Aim of the task: Transcription, pictures excluded: write out the data below exactly.

Supplied information:
---+---

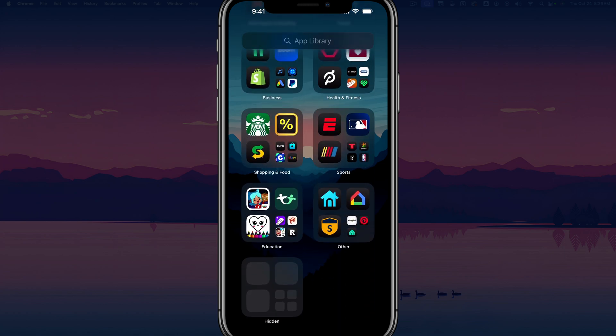And then once you're here, scroll all the way down to where you see the hidden folder. It'll have the word hidden underneath it. Then just tap on the folder and prompt Face ID to unlock it.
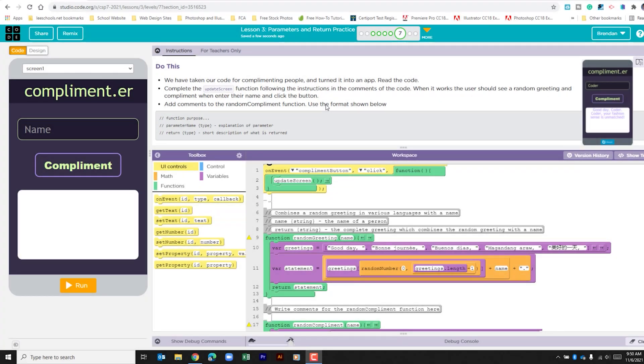Hello YouTube, I hope you're doing well. Today we're on code.org. We're in unit 7, lesson 3, part 7.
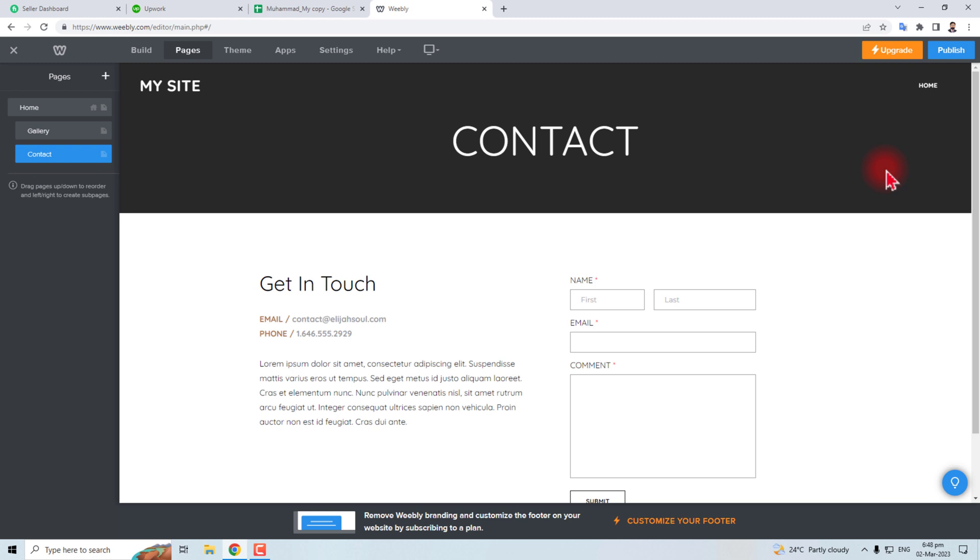to make a dropdown menu in your Weebly website. Thank you very much for watching this short tutorial. Keep watching for the next one.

---+---

Written answer:
And then once you're here, scroll all the way down to where you see the hidden folder. It'll have the word hidden underneath it. Then just tap on the folder and prompt Face ID to unlock it.
Hello YouTube, I hope you're doing well. Today we're on code.org. We're in unit 7, lesson 3, part 7.
to make a dropdown menu in your Weebly website. Thank you very much for watching this short tutorial. Keep watching for the next one.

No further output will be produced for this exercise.